Sexuality became a problem for here and then of course for me. It was as if things shifted for her to the more dopamine, goal-roeineted and even hyper-focussed on getting more. Even seemingly insane urge to seek our 'fuck buddies" for brief encounters to fill the urges (never an option for me while we were together though I think she might have been doing so). I could never make sense of this and regardless of the shattering of our marriage I loved and honored her need to leave and find a new way of life. Leaning deeply into grieving and open to a new life that is full and profoundly rich I puzzled deeply about the 'why this happened.' We are cordial and I periodically ask her 'what happened to have things turn that direction' and always the answer echoes something like "I changed."
With your book and the superb research and deep personal work you've done Marnia and Douglas I now have an understanding of what happened that makes sense. This natural addictive way our neurological rewards system we have approached sex went full on with neither of us knowing what was happening. It's the missing piece that allows my intellect to follow my heart's path of forgiveness for both of us during the shattering of such a lovely relationship.

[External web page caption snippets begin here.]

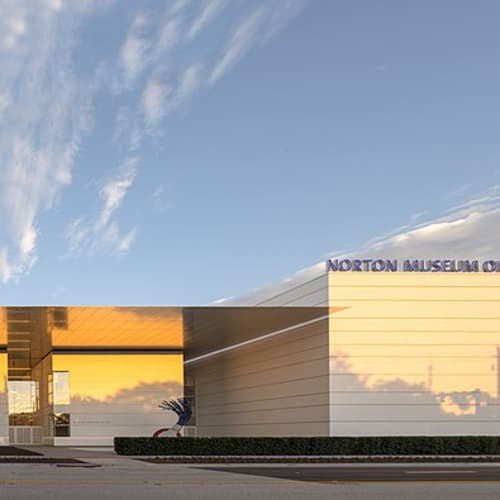 The Norton underwent a renovation, completed in 2019, that expanded the museum’s gallery and teaching space. "Norton Museum of Art front at dusk" by Nortonedits is licensed under CC BY-SA 4.0.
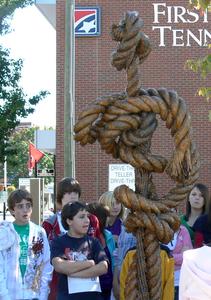 Advanced art students from Vance Middle School in Bristol, Tenn. discuss Val Lyle's "Feminine Entwinement," which won the People's Choice award in the Art in Public Places outdoor sculpture exhibition in downtown Bristol, TN/VA. The tour was led by Dr. Marvin Tadlock, professor of art at Virginia Intermont College, whose sculpture "Coca-Cola" won last year's competition in Bristol. For walking tour information, interested teachers or groups may call 423-612-9447 or email candy@aippbristol.org.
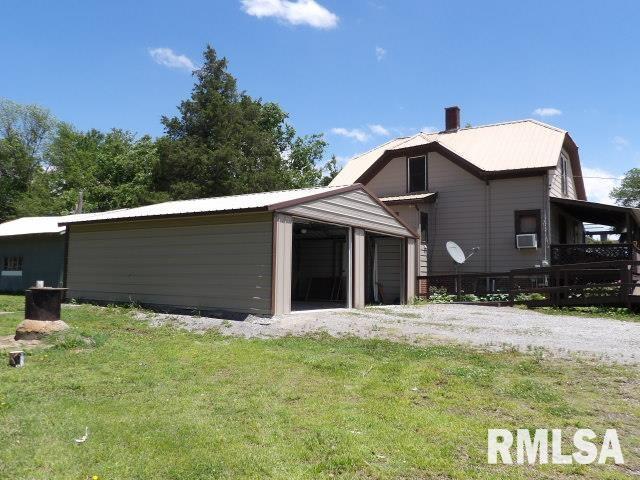 back of property featuring a garage, driveway, a lawn, and an outdoor structure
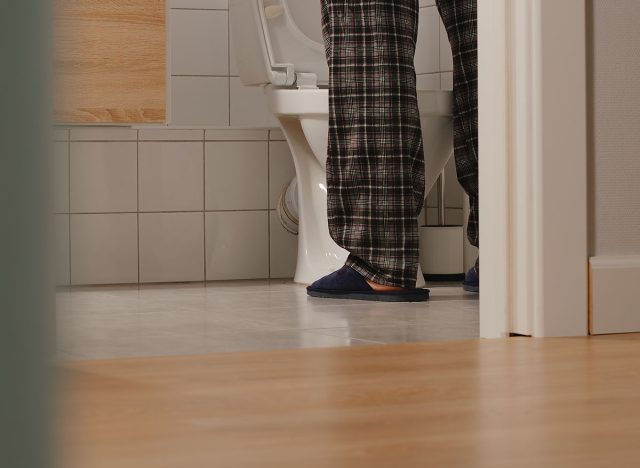 Adult man in a toilet at home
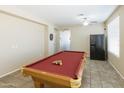Spacious game room featuring a well-maintained pool table, neutral paint, and tile floors at 18342 W La Mirada Dr, Goodyear, AZ 85338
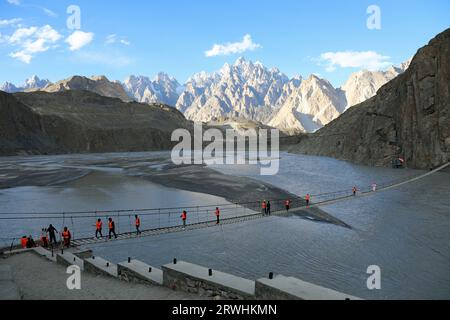 Tourists crossing the famous Hussaini Bridge in Pakistan Stock Photo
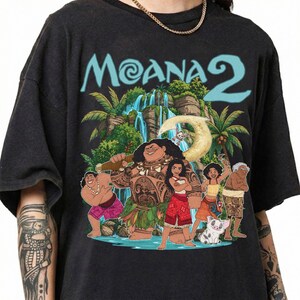 May include: A black short-sleeve t-shirt featuring a graphic print of characters from Moana 2. The design includes the text Moana 2 in light blue, a waterfall, palm trees, and a group of animated characters including a large figure holding a hook.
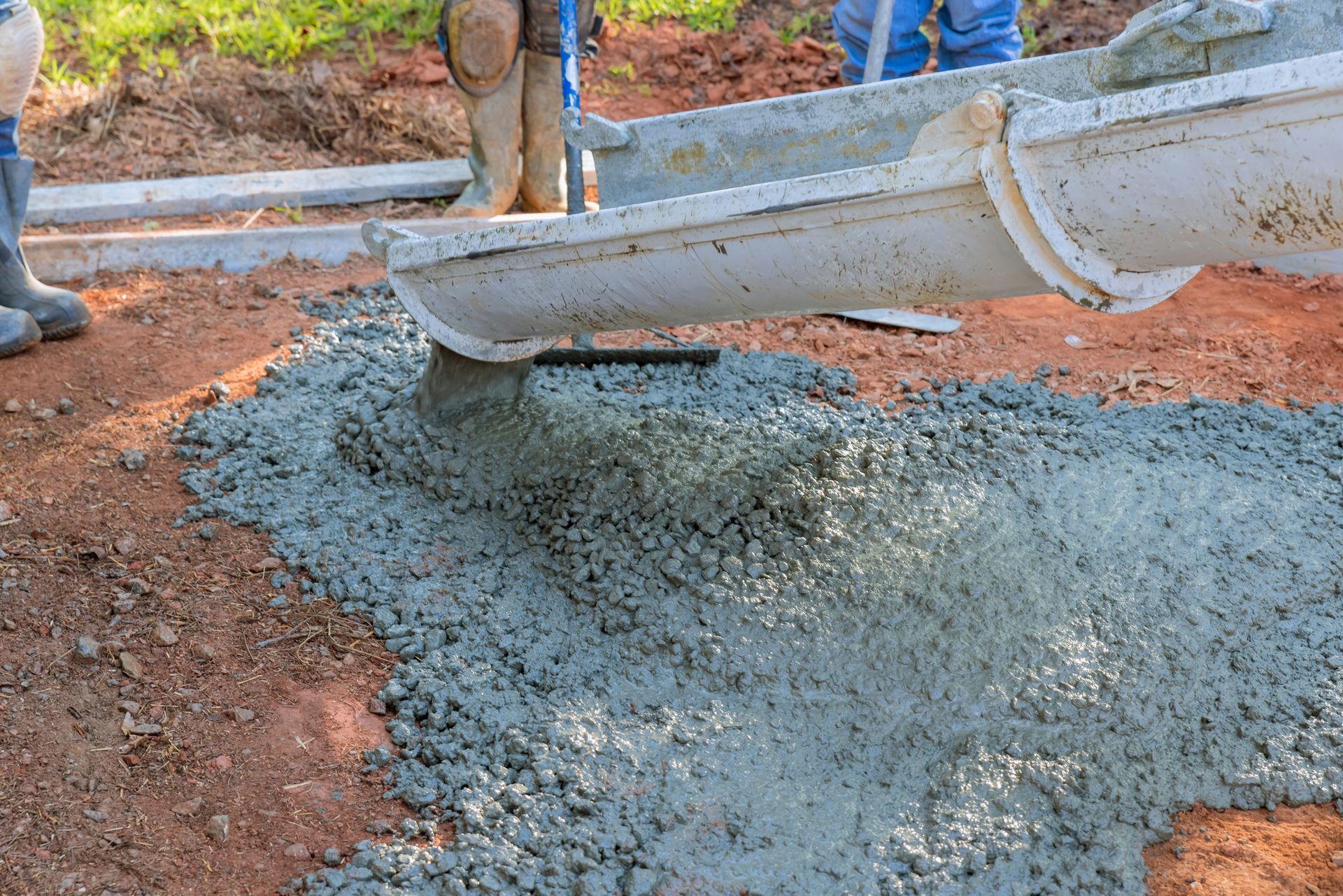 A concrete construction crew pouring wet concrete to pave a driveway on site.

There are many other details of that journey but don't want to bore those of you who might read this. Just wanting to put the story out there to see if you have parallels that may be helpful encouragement for me and others on such a path. BTW my relationships in the arena of possible future couple are so very rich, loving and non-goal oriented. Your work is a blessing to so many and I am sure it will grow wonderfully. There is such a hunger and need for this work.